Acceptance of viscocanalostomy may allow surgical treatment of glaucoma earlier in the disease process instead of saving surgery as a last resource, he said.

He and Paul Honan, MD, and others have developed an active interest in alternative medicine, and they brought a course on “energy medicine” to ASCRS for the first time this year in Philadelphia.

These are some of the projects that have kept Dr. Kratz from fully retiring. However, he does enjoy his retirement in other ways. Nearly every year he and his wife take a motor home trip to some part of the country. He called his trips “escaping from the phone.” Fishing in Alaska is a favorite pastime, as is bridge.
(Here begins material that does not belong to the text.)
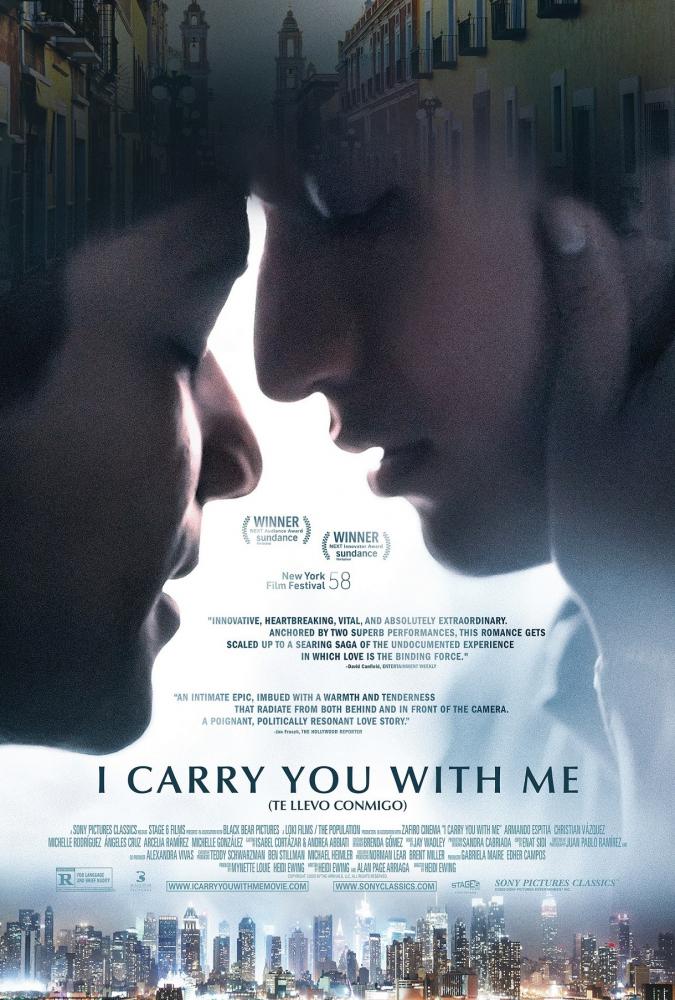 I_Carry_You_With_Me_filmposter_two_faces_embracing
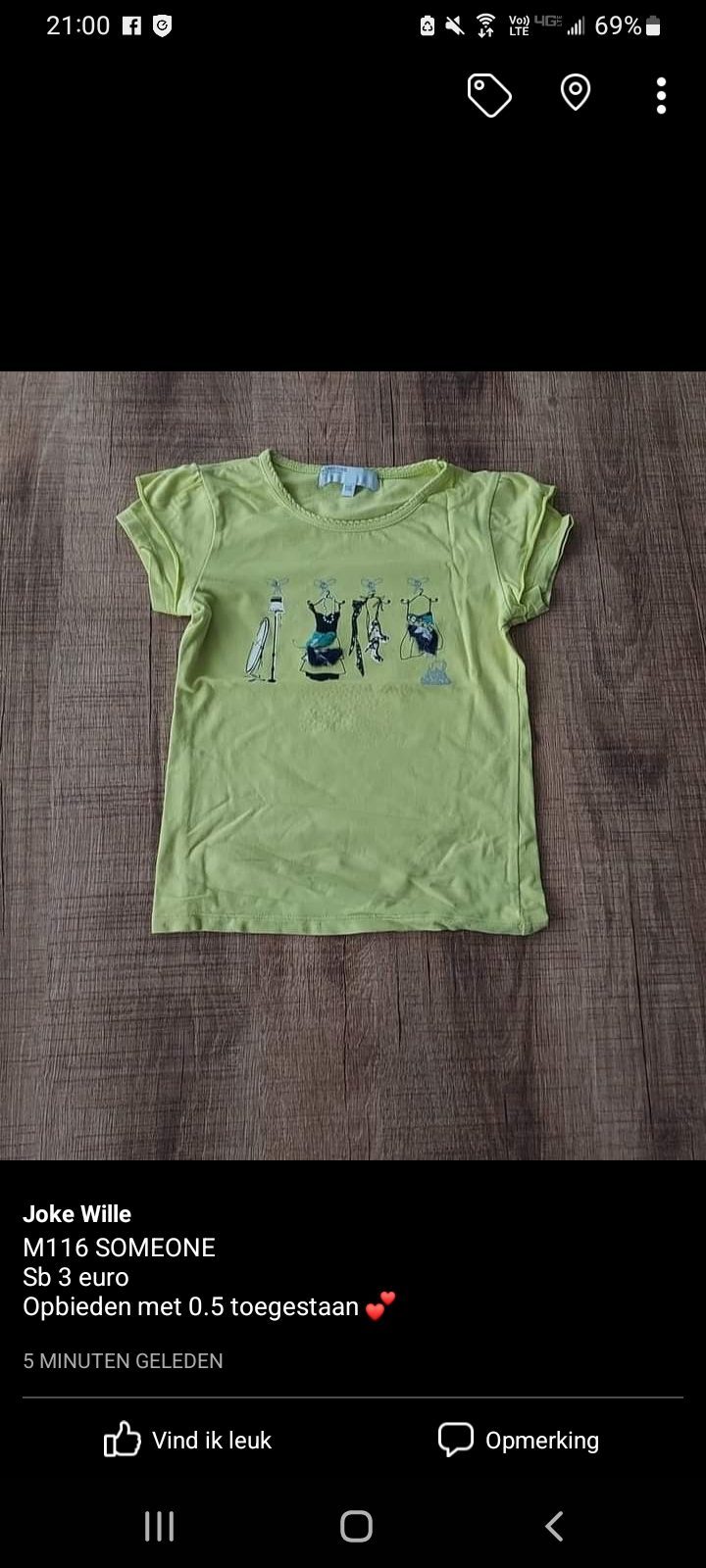 Item #7840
In the past, he said, he enjoyed hobbies as diverse as scuba diving, sailing, power boating, off-road motorcycling and dune-buggying. At age 82 he has had to lay these more strenuous pastimes aside.

“I haven’t changed, even though I retired, Dr. Kratz said. “My wife says that I haven’t really retired because I’m still working. When I told her that I’m retired because I’m doing what I want, she said in that case you’ve been retired all your life.”